I'm not talking about a backfill, which is what I think you're referencing by reingestion. I mean targeting the specific works we're worried have mangled data and pulling them individually from upstream. Irrespective of the amount of time that would take due to rate limits (and being generally respectful), it is a stable and predictable way to retrieve corrected data for each work.

We could do something like the following, based on the batched update DAG's method:

  1. In a one-off DAG, create a temporary table of the works in question (if it does not already exist), matching the schema of the batched update DAG's temporary table, but with an additional unindexed jsonb column retrieved_data (or something like that) and an unindexed foreign_id column. I suppose we'd also need to include provider should this issue exist for more than just Flickr (like Wikimedia).
  2. In a scheduled 5-minutely DAG, process batches from the temporary table, sized appropriately to be within a respectful rate limit for 5 minutes, and that can actually finish within 5 minutes. The DAG has 1 max allowed simultaneous runs. The DAG will identify the batch it should work on by querying the temporary table ordered for rows WHERE retrieved_data IS NULL LIMIT _X_, ordered by row ID (might be a way to optimise this query if needed?). Pull each work and put the response in retrieved_data. Maybe also put the response in S3 where a dated DAG would be able to reliably retrieve it based on execution date?

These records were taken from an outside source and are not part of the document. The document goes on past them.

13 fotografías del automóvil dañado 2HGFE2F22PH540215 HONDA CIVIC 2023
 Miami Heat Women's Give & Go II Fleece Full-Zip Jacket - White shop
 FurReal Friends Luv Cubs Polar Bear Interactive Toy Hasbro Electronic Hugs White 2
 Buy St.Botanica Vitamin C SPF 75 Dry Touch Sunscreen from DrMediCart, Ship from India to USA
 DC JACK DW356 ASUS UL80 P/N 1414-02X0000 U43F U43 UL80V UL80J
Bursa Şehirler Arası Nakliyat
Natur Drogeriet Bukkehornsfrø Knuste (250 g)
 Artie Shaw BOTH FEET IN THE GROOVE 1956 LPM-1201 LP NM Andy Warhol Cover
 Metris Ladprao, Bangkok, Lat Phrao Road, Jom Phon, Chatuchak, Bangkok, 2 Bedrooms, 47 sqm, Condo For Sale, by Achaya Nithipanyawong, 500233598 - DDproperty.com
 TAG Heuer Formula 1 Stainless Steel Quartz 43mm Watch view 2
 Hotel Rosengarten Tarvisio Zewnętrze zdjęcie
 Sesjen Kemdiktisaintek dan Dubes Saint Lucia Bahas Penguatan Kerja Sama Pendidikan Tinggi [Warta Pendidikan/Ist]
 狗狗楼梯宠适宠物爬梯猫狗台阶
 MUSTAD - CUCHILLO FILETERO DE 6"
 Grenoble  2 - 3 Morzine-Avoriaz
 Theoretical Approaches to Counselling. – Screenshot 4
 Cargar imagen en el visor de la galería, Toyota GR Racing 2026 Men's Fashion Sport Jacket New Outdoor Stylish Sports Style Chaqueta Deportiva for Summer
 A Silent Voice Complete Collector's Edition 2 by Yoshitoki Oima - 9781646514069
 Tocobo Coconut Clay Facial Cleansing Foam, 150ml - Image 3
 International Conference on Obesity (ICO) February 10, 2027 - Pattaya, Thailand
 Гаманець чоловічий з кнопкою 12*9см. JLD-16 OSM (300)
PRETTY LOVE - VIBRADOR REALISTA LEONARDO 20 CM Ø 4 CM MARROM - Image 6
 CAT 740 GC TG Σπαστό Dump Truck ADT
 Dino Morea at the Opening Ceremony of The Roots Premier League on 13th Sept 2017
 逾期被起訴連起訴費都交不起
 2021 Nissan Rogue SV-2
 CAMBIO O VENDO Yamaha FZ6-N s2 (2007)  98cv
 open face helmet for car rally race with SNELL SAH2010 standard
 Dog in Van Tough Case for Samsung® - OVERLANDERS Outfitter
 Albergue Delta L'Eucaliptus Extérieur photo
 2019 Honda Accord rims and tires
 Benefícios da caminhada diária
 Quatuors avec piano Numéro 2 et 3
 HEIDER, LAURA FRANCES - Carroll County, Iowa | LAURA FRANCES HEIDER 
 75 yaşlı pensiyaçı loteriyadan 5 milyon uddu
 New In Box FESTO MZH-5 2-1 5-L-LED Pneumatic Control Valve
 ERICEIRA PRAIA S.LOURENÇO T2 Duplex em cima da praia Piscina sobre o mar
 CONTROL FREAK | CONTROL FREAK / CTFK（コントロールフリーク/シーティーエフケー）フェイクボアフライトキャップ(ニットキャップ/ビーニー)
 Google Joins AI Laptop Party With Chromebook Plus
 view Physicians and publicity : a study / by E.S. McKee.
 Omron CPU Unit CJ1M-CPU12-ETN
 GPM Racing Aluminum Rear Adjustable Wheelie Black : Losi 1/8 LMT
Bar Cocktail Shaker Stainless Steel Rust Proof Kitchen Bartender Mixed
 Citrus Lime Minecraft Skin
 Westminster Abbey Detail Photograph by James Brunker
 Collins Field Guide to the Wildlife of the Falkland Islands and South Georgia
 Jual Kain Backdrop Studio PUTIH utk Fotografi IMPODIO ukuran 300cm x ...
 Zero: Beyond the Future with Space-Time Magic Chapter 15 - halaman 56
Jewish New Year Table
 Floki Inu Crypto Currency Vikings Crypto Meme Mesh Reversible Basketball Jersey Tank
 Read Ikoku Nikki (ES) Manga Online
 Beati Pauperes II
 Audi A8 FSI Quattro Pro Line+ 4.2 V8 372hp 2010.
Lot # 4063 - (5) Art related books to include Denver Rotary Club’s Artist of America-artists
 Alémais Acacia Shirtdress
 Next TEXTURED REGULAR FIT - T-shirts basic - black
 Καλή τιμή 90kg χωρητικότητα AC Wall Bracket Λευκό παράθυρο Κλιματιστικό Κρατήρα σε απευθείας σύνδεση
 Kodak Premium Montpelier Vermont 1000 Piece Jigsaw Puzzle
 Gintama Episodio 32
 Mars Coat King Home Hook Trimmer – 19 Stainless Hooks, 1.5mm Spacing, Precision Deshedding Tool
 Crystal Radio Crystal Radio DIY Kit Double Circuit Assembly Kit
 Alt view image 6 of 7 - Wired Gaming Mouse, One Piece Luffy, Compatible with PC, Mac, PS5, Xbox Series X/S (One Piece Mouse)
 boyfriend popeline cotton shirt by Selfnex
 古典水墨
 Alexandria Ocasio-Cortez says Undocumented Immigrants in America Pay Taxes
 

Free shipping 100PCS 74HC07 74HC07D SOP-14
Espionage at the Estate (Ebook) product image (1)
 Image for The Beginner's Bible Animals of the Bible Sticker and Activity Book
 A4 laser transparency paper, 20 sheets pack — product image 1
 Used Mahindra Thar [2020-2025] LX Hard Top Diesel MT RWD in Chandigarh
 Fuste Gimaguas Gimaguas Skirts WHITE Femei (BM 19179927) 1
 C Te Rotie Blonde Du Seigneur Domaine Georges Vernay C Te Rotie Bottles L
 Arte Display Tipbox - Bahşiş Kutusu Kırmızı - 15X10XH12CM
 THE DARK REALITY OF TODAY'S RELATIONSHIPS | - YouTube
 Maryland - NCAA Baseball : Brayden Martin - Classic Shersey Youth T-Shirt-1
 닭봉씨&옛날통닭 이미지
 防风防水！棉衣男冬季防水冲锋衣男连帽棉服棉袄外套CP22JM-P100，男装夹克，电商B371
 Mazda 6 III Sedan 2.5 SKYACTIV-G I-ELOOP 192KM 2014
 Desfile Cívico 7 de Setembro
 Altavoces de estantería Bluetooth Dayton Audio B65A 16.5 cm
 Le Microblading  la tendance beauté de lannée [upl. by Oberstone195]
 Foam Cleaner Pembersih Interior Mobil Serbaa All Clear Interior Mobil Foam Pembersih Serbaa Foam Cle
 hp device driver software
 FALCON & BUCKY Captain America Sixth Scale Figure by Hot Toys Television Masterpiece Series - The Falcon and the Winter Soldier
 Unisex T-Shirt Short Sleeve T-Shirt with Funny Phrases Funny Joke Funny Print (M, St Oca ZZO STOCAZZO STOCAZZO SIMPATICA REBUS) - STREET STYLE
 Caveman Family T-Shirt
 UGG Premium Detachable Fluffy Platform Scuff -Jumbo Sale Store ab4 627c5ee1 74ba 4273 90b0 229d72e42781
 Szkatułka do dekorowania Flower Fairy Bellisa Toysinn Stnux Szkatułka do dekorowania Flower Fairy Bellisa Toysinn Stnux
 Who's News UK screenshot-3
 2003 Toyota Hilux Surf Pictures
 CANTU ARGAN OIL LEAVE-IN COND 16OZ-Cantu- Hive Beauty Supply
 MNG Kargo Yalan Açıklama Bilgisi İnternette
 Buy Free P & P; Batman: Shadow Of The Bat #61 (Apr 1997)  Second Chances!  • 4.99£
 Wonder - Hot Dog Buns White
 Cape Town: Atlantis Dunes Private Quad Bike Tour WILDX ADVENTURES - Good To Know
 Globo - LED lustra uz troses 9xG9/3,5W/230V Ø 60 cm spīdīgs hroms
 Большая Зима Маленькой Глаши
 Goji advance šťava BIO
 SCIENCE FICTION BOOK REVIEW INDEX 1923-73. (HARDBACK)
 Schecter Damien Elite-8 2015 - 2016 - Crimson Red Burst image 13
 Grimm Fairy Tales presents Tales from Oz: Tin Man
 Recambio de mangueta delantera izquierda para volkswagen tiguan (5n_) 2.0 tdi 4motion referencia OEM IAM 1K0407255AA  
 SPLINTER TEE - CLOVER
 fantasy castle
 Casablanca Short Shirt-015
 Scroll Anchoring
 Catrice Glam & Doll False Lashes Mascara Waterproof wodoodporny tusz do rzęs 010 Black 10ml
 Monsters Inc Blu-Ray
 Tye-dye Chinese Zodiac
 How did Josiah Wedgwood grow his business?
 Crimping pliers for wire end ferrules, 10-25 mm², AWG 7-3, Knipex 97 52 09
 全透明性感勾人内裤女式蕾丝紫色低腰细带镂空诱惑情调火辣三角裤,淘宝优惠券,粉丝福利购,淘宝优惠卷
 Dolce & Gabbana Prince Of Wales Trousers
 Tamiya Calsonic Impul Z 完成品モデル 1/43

That allows us to review the pulled data and decide how we'd like to upstream it into the catalog. Can we use the batched update DAG (SET tags = ov_format_tags(SELECT ndt.tags FROM new_data_table ndt WHERE ndt.identifier = image.identifier)) ? Presumably the new data should pass through the image store?

Regardless, it seems like a solvable problem, right? And one that would be useful beyond this? And also the only solution I can think of that has zero risk of causing further damage to our data?

@krysal
Copy link
Member

krysal commented Jun 14, 2024

As you say, that would be literally a reingestion of a subset of image rows. I agree that, in theory, it sounds doable (regardless of how long it may take) and the safest solution to the problem.

That allows us to review the pulled data and decide how we'd like to upstream it into the catalog. Can we use the batched update DAG (SET tags = ov_format_tags(SELECT ndt.tags FROM new_data_table ndt WHERE ndt.identifier = image.identifier)) ? Presumably the new data should pass through the image store?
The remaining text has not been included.